* _WHAT IS BEING ASKED_: Pictures are to be dropped, and only the lines from the one containing "Pirinç Gold Renk" through the end of the data below are to be reproduced as written.

* _SOURCE MATERIAL_:

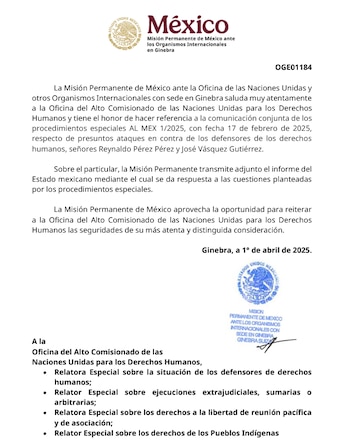 Respuesta de México a la ONU. Crédito: Especial
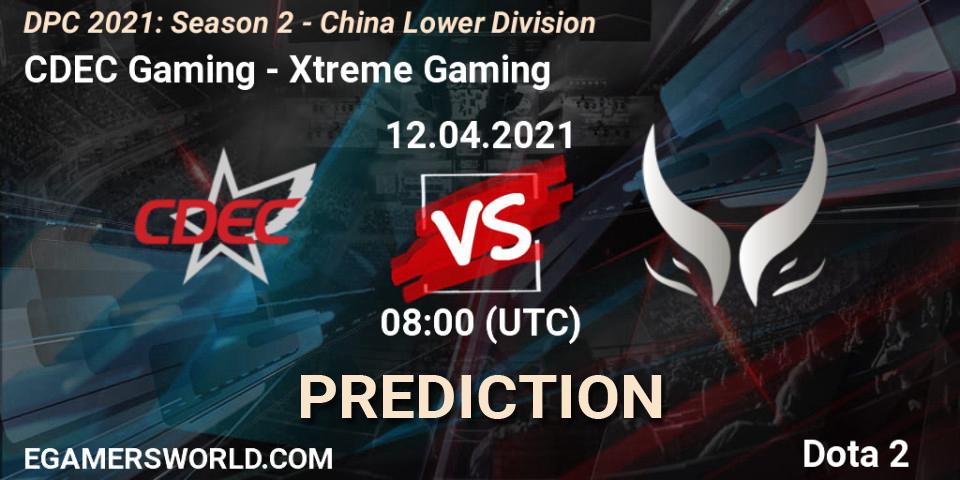 Prognose für das Spiel CDEC Gaming VS Xtreme Gaming. 12.04.21. Dota 2 - DPC 2021: Season 2 - China Lower Division
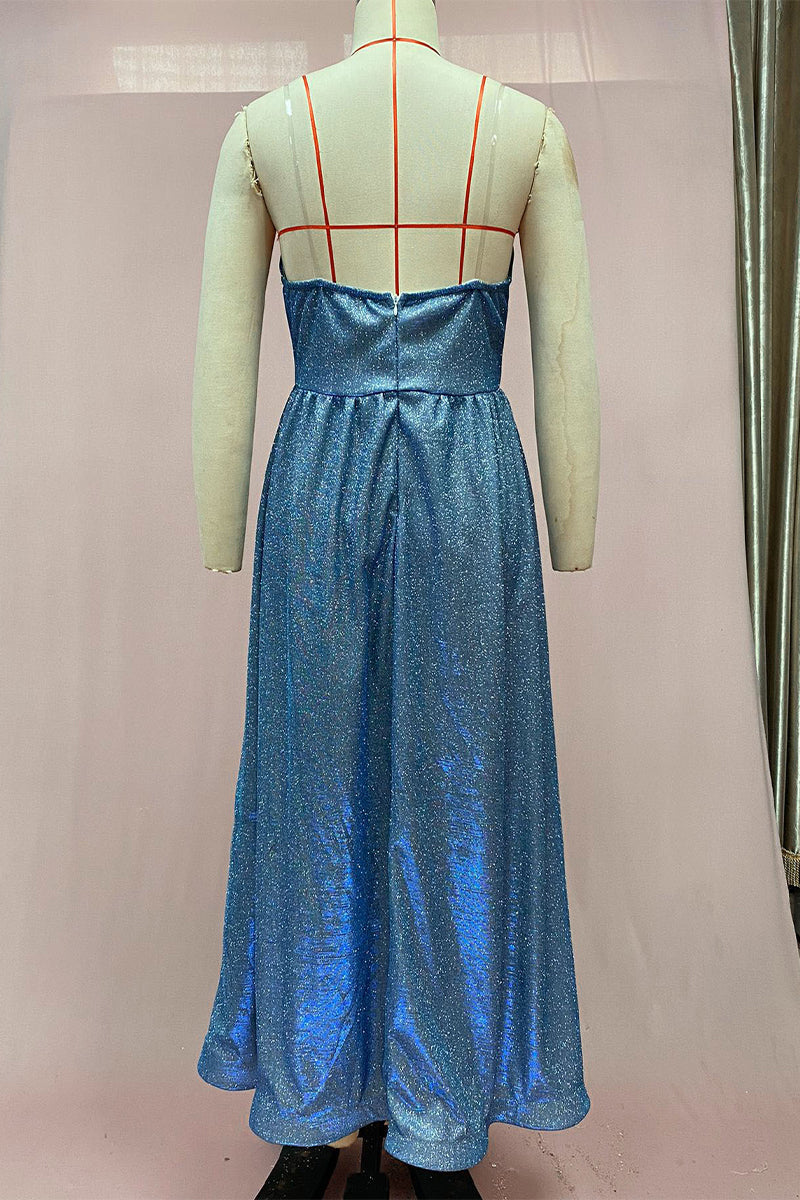 Sexy Slit Sequined Strapless Evening Dresses - Fashionpara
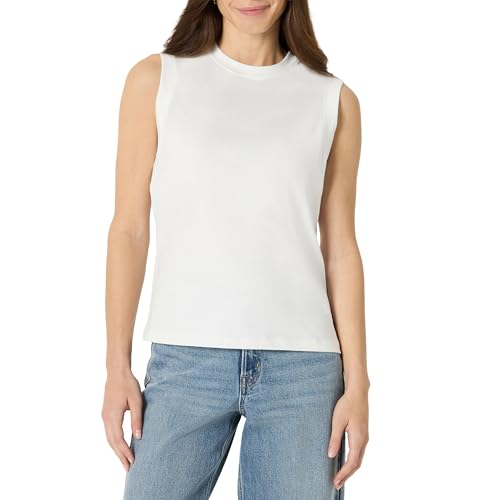 Amazon Essentials Damen Relaxed-Fit-Muscle-T-Shirt Aus Baumwolle, Weiß, L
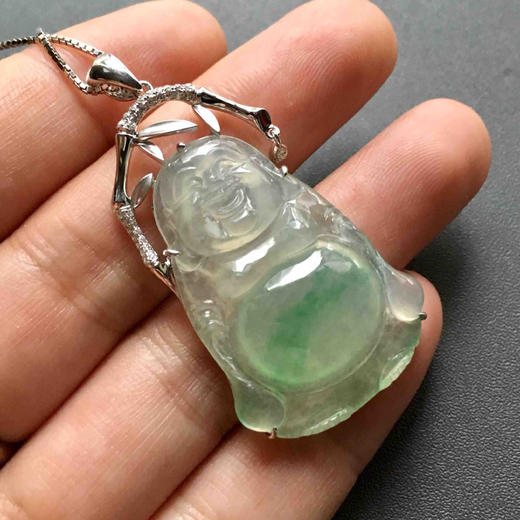 冰种阳绿俏色翡翠站佛18k白金钻石镶嵌 商品图5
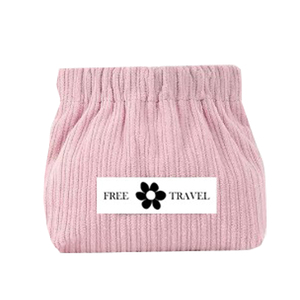 Trousse de Maquillage en Velours Côtelé, Sac Cosmétique de Voyage, Pochette Mini à Fermeture Éclair Personnalisable avec Logo, Sac à Rouge à Lèvres Imprimé Floral et Lettres - Product Image 1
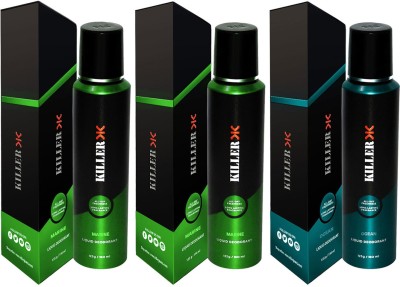KILLER Marine, marine, ocean Liquid Deodorant 150ML Each (Pack of 3) Body Spray  -  For Men & Women(450 ml, Pack of 3)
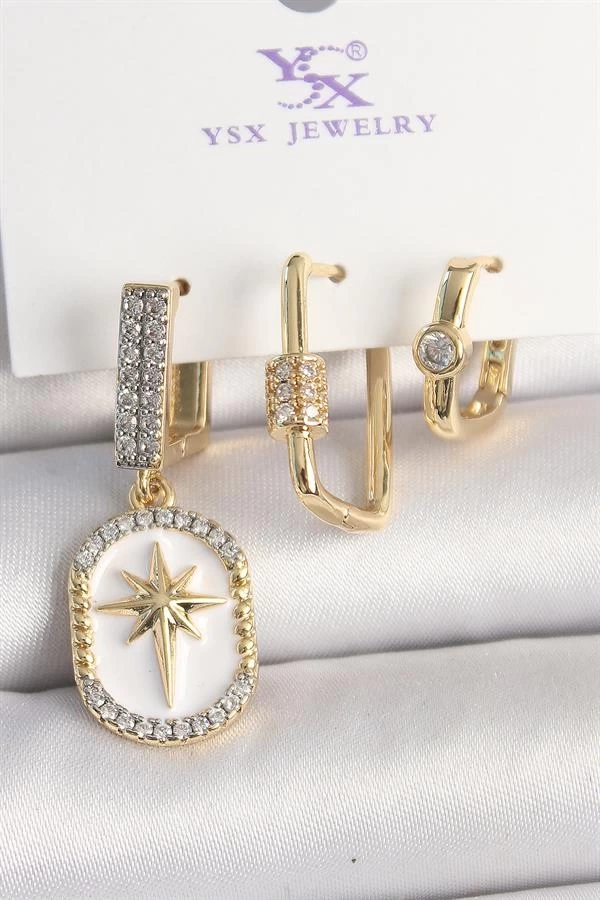 Pirinç Gold Renk Sallantı Zirkon Taş İşlmeli Yıldız Portre Model 3Lü Kadın Kombin Küpe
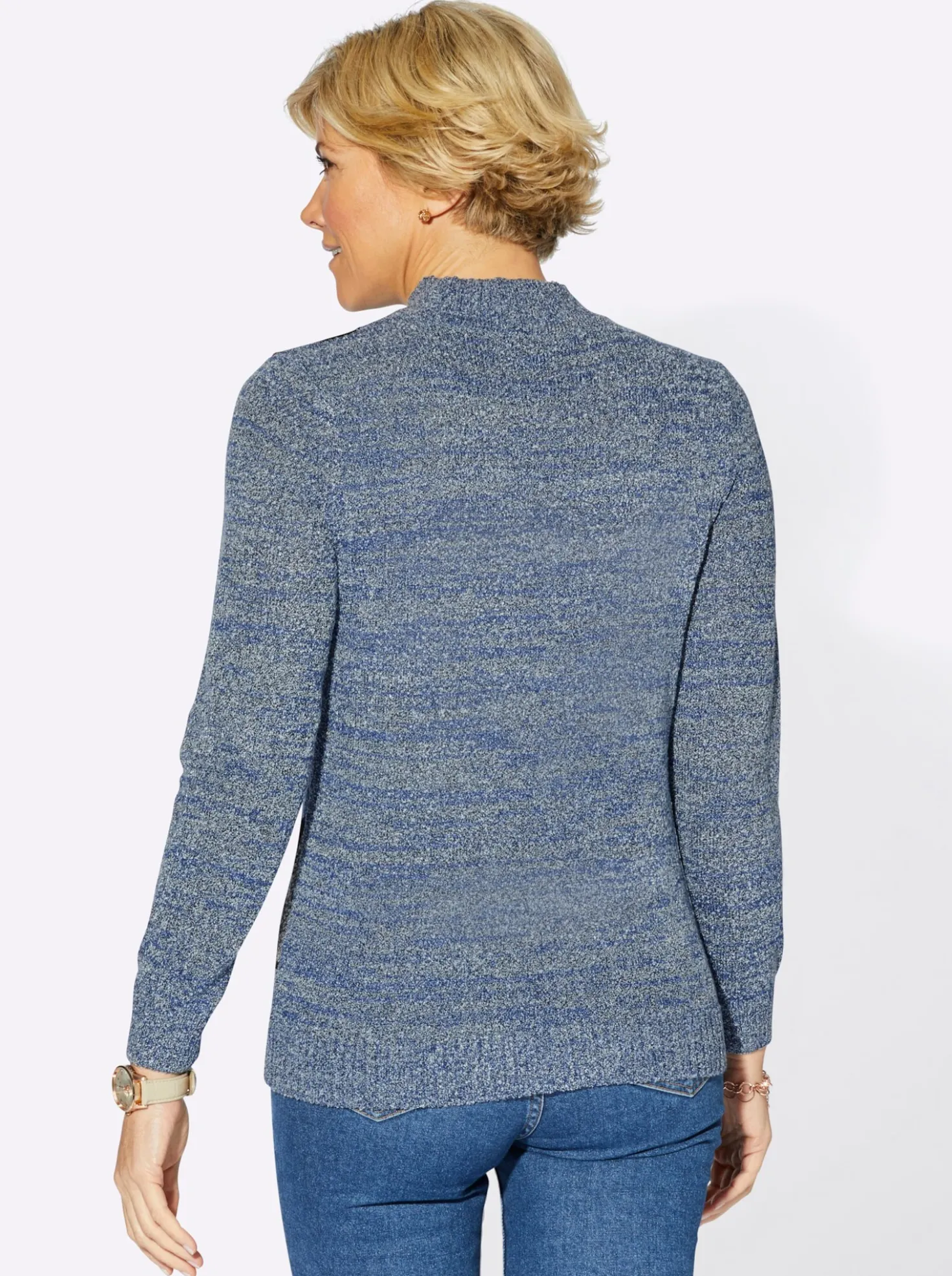 Stehkragenpullover mit Intarsien-Strickmuster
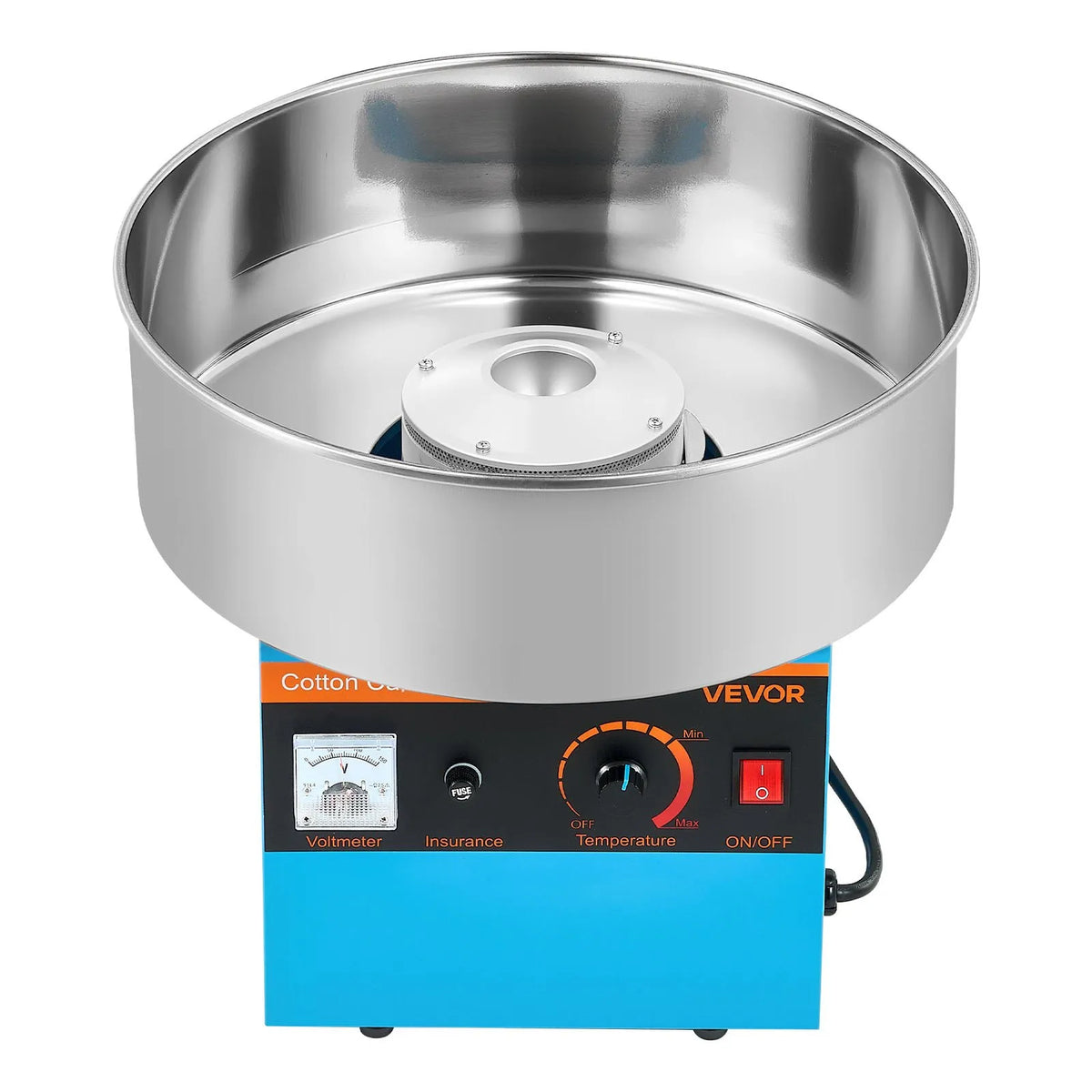 VEVOR komerciālā cukurvates mašīna, 1000 W elektriska cukurvates pagatavošanas ierīce ar 38 cm nerūsējošā tērauda trauku un cukura karoti, piemērota cietajām konfektēm, bērnu dzimšanas dienām un ģimenes pasākumiem, zila - ZEMLETES.LV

* _REPLY_:
 Pirinç Gold Renk Sallantı Zirkon Taş İşlmeli Yıldız Portre Model 3Lü Kadın Kombin Küpe
 Stehkragenpullover mit Intarsien-Strickmuster
 VEVOR komerciālā cukurvates mašīna, 1000 W elektriska cukurvates pagatavošanas ierīce ar 38 cm nerūsējošā tērauda trauku un cukura karoti, piemērota cietajām konfektēm, bērnu dzimšanas dienām un ģimenes pasākumiem, zila - ZEMLETES.LV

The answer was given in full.